→ Extracted material:
______________________________

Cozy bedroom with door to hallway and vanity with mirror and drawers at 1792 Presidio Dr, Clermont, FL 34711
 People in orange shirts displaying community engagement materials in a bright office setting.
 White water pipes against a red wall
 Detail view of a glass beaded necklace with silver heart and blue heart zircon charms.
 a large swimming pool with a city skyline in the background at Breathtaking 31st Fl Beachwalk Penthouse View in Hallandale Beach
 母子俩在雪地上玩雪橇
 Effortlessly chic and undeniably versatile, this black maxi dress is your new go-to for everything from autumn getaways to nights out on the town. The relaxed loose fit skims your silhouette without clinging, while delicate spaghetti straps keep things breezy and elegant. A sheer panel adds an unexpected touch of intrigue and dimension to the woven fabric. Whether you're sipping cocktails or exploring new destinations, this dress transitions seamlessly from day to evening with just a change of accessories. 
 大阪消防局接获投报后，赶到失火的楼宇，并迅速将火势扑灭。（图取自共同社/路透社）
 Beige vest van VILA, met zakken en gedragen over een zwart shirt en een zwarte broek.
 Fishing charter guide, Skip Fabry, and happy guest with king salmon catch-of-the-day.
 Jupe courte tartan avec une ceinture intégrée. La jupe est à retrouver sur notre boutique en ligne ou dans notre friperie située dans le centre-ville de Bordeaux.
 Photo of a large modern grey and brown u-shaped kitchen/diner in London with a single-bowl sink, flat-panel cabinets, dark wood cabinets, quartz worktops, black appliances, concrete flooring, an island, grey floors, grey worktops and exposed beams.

______________________________

→ Prompt: Above are the records; from them, give again exactly the lines from the one containing "People in orange" to the one containing "a large swimming", both lines included, and nothing more.

→ The answer:
 People in orange shirts displaying community engagement materials in a bright office setting.
 White water pipes against a red wall
 Detail view of a glass beaded necklace with silver heart and blue heart zircon charms.
 a large swimming pool with a city skyline in the background at Breathtaking 31st Fl Beachwalk Penthouse View in Hallandale Beach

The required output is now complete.